The role of music and dance in the temple was essential.147 Music was necessary in maintaining order and restoring balance. The sistrum was shaken to drive away hostile forces and revive the gods. By the Hellenistic Period, it is recounted that the Egyptians sang to the gods three or four times a day. Private stelae show individuals shaking sistra in front of the gods. Music also accompanied gods in processions and was very much associated with festivals of revival.

Music and dance were also important at the sed-festival, a time of renewal of the king’s vitality. In the tomb of Kheruef, acrobatic female dancers are overseen by priests as they dance for King Amenhotep III, at his sed-festival. The king is accompanied by Queen Tiy and ‘Hathor, Mistress of Dendera’. Processions such as the Opet festival, a festival of the renewal of the king’s ka, at Luxor, show women and men accompanying the barque of the god and providing music. Music and merrymaking was an important part of the Beautiful Festival of the Valley, an apparently colourful festival which allowed the relatives of the deceased to eat and drink at the tombs in order to honour the dead.

IMPERSONATING HATHOR

Earlier, we saw how singers impersonated the goddess Meret. The production of music and dance in ancient Egypt was also heavily connected with the goddess Hathor, and hence performers would at times impersonate her.

In Fifth and Sixth Dynasty tombs, dancers singing and clapping invoke Hathor by name, or her epithet, ‘The Golden One’. Texts invoking Hathor are placed above several scenes depicting khener troups as part of funerary rites.148 Individuals are shown with lion-masked figures, possibly imitating her,149 and the early Sixth Dynasty tomb of Mereruka, Saqqara, shows girls playing ‘games’, holding mirrors and hand shaped rattles and playing ‘Hathor’s dancing game’.

Both the menit-necklace and the sistrum, commonly carried by female priestesses, are instruments of Hathor.
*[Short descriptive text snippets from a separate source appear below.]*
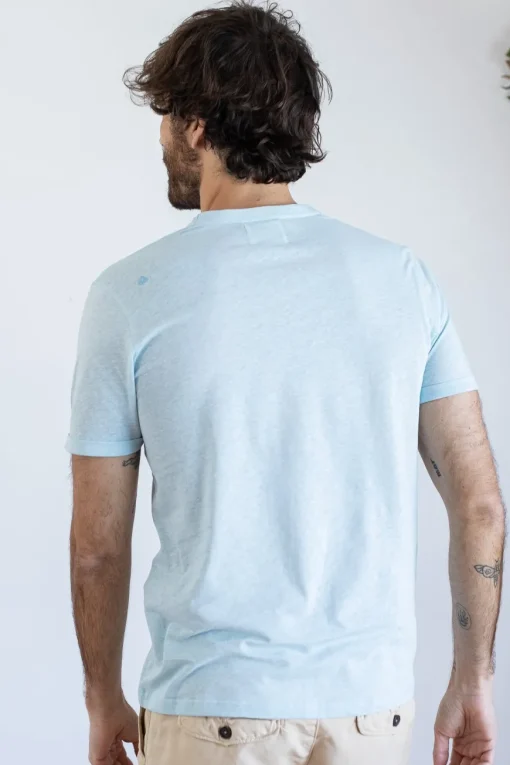 T-shirt Franki bleu ciel
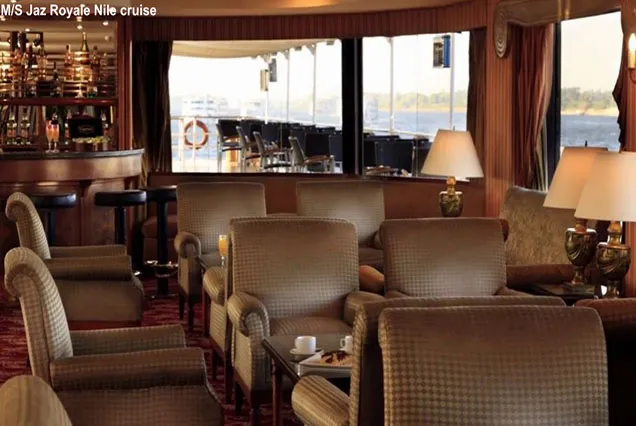 Jaz Royale Nile Cruise 4 Days Aswan Luxor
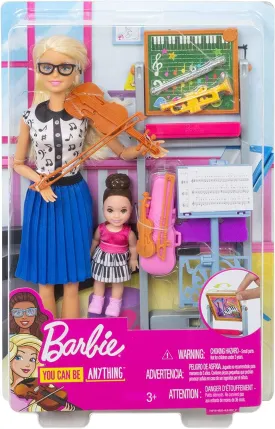 Barbie Career Doll & Playset Music Teacher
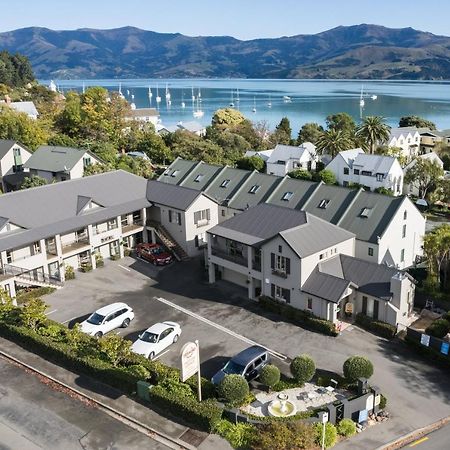 Tresori Motor Lodge Akaroa Exterior foto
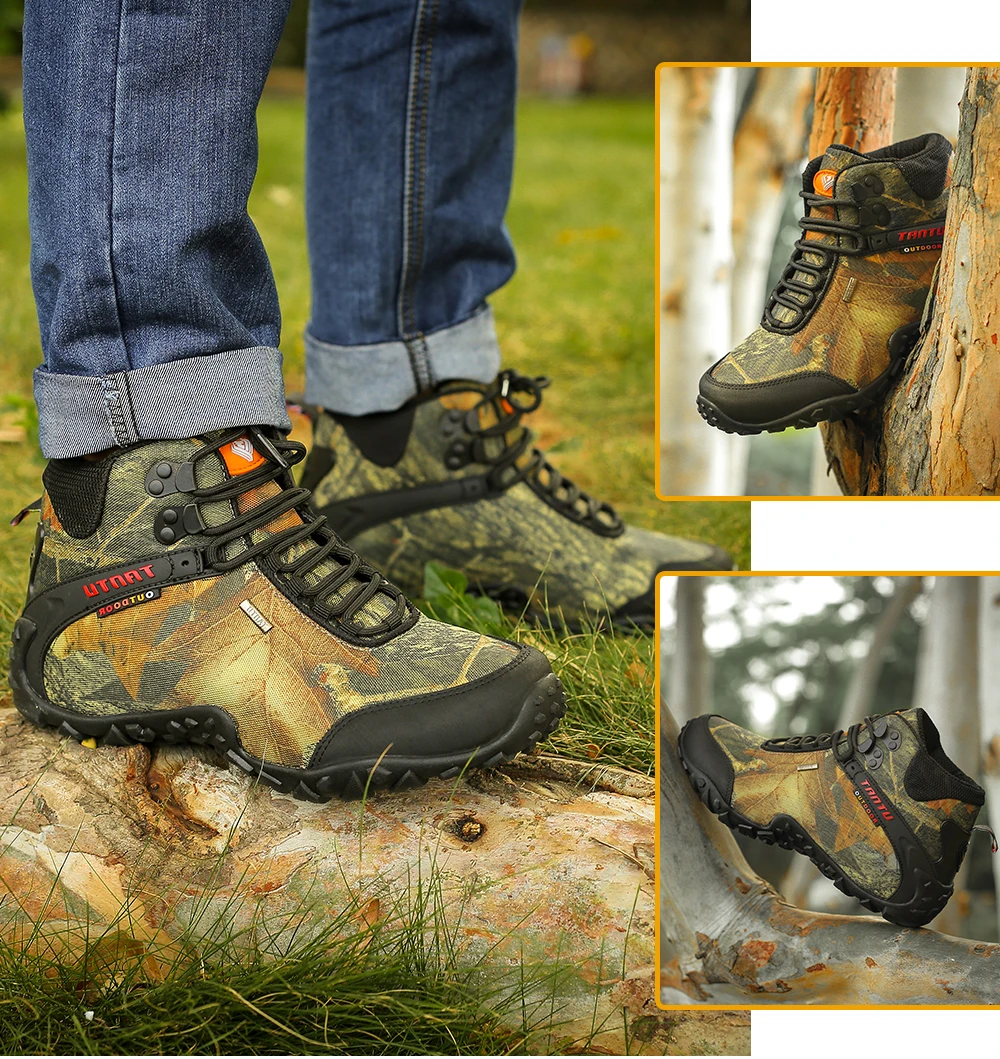 Outdoor Camouflage Tactical Sport Men's Shoes (21)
The menit-necklace is a heavy bead necklace, with a counterpoise at the back, which could be rattled as part of religious ceremonies. Menit-necklaces are given as votive offerings to the goddess150 and in certain cases are decorated with the head of the goddess. Hathor, in her form as a cow, is usually shown wearing the menit-necklace counterpoise. The sistrum was also a type of rattle. Sistra are very often decorated with the head of Hathor, and the sound of the sistra was said to imitate the sound of the Hathor cow walking through the reeds of the marshes. The Egyptian word for sistra was sesheshet, an onomatopoeic word mimicking the rustling of reeds. In the late Old Kingdom, we have the first attestation of women offering the menit-necklace and sistrum to revive the deceased.151 In the Middle Kingdom Tale of Sinuhe, the princesses do the same in order to welcome the prodigal back to his life in Egypt.

At Heliopolis, priestesses were referred to as Hathors.152 In Rameside text, Hathors of the temple of Atum rejoice and play drums on account of seeing the king. In the Ptolemaic Period, female musicians playing frame drums wear horned headdresses like Hathor. ‘It is quite possible to suppose that priestesses of all periods, even when they are not called Merets or Hathors, were engaged in representing the activities of the goddesses’.153

In the earlier periods of Egyptian history, it seems that women played similar roles to those of men in the state religion. This state of affairs seems to have altered with time so that women no longer served in the same way as men. However, throughout Egyptian history, women were particularly associated with religious music and dance, which should not be trivialized as mere entertainment, but rather seen as essential to state religion and to domestic piety. One might more controversially venture that music and dance were at times used in the service of gods, particularly of Hathor, in order to commune with the goddess. This aspect is discussed more fully in the chapter on goddesses.